- Developer: Gametec
- Publisher: Shades Software
- Designer: Gary Walton
- Composer: Allister Brimble
- Platforms: Commodore 64 / C128, Amiga, Atari ST
- Release: 1989
- Genre: Platformer
- Mode: Single-player

= Terry's Big Adventure =

1989 video game

Terry's Big Adventure is a game published by Shades Software in 1989 for use on the Atari ST, Commodore 64 and Commodore 128, and by Grandslam Interactive for Amiga.

== Gameplay ==
To return home, young Terry must traverse 12 scenarios, armed only with his yo-yo, which causes him to jump backward when used.
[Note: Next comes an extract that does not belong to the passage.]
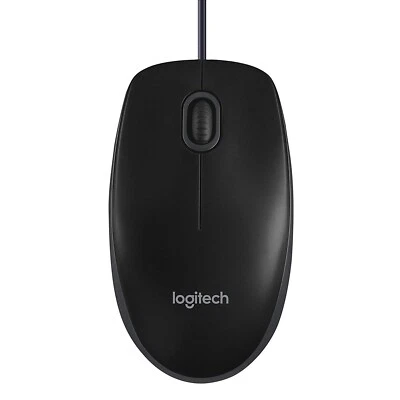 Logitech B100 Wired USB Optical Mouse - 1000dpi, 3-Button, Ambidextrous, Black - Image 1 of 4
Along the way he can collect mushrooms and collect letters that give special powers, but he must defend himself against a varied array of enemies, which includes hedgehogs, balloons, and stars.

== Reception ==
The Games Machine noted its similarities with Super Mario Bros. in terms of gameplay, graphics, and specific ideas such as bonus stages and hidden rooms, but praised the yo-yo as an original weapon, that "can provide some worrying moments - as can the semi-incontrollable leaps and inertia". It gave a 78/100 rating to the Atari ST version, and a 74/100 rating to its Commodore counterpart.

Zzap!64 gave the game an 82/100 rating, describing it as "instantly playable" and noting the game "isn't anything new over Giana Sisters but it's well presented and nicely priced".

German magazine Amiga Joker gave the game a 68/100 rating, mainly criticizing its overly simple graphics and its music theme, so annoying "you'd rather stuff some cotton wool into your ears".